Image-text web data:
- Opening Delimiter -
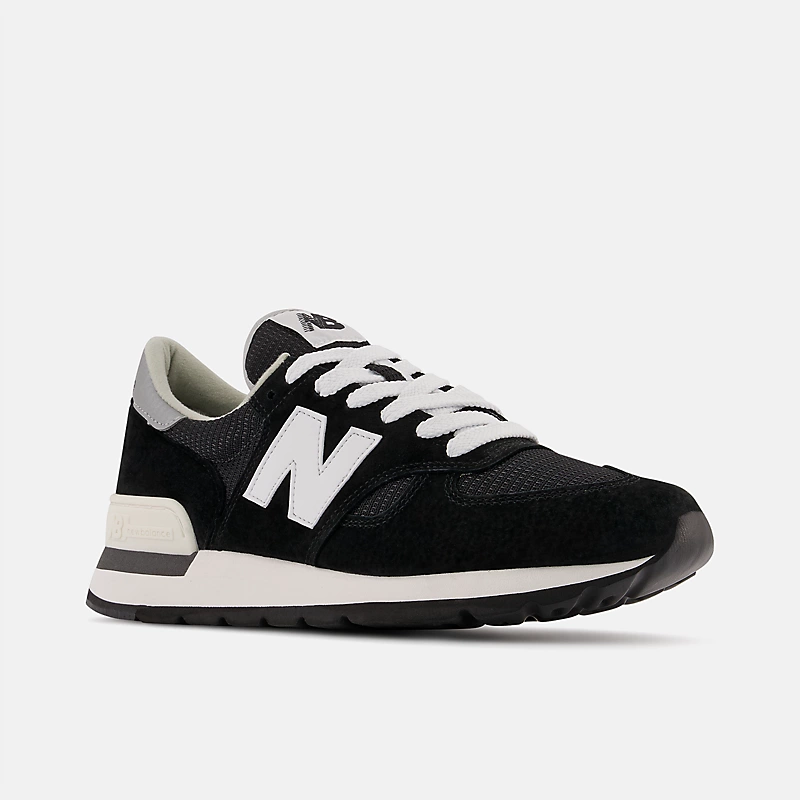 Męskie buty MADE in USA 990v1 Core – czarne z białym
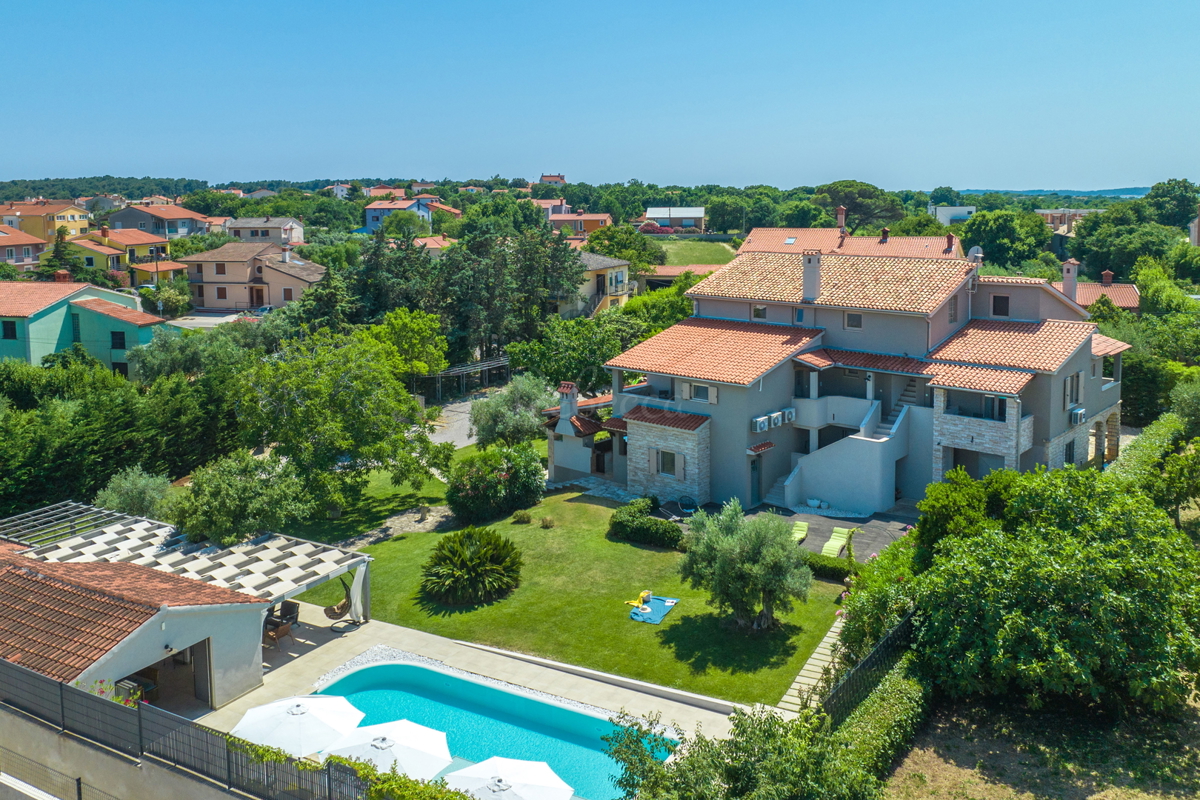 Casa indipendente con piscina, Liznjan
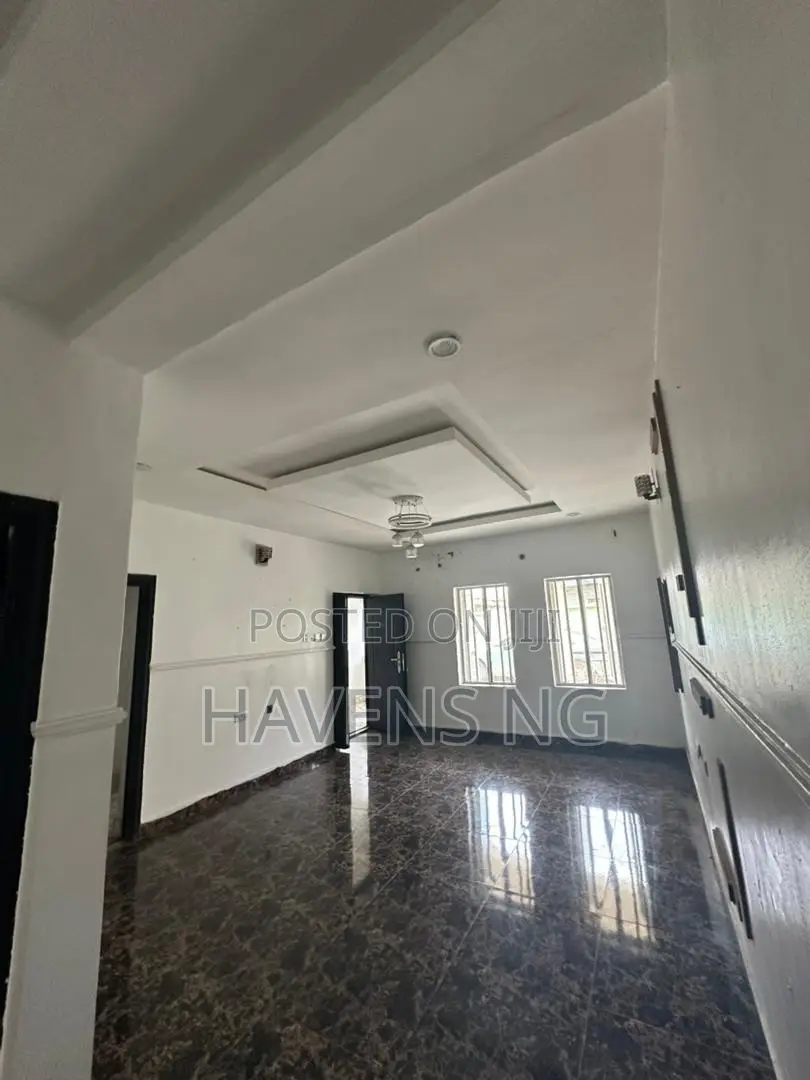 12bdrm Apartment in Rukpokwu for sale in Rukpokwu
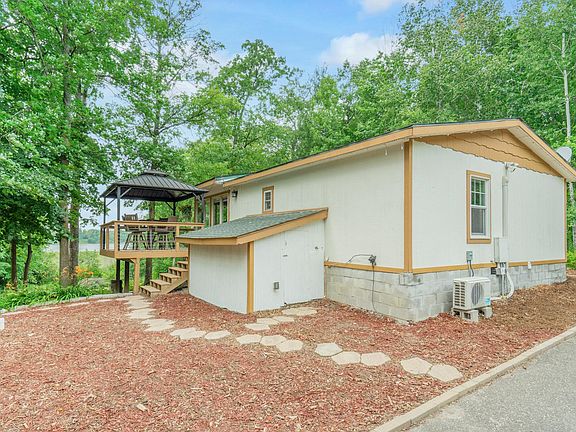 2nd image of 4717 Red Pine Dr NW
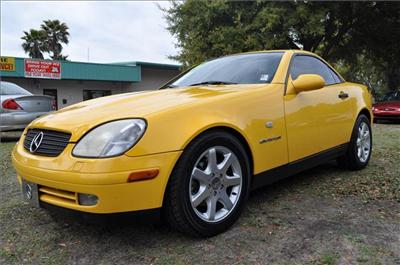 Used Mercedes-Benz SLKClass 2000 : $9995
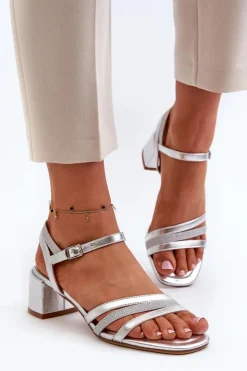 Sandały Damskie Na Niskim Obcasie Z Eko Skóry Sergio Leone SK046 Srebrne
- Closing Delimiter -
WORK ITEM — Could you set down every entry again exactly as written, leaving out any pictures?

RESPONSE —
 Męskie buty MADE in USA 990v1 Core – czarne z białym
 Casa indipendente con piscina, Liznjan
 12bdrm Apartment in Rukpokwu for sale in Rukpokwu
 2nd image of 4717 Red Pine Dr NW
 Used Mercedes-Benz SLKClass 2000 : $9995
 Sandały Damskie Na Niskim Obcasie Z Eko Skóry Sergio Leone SK046 Srebrne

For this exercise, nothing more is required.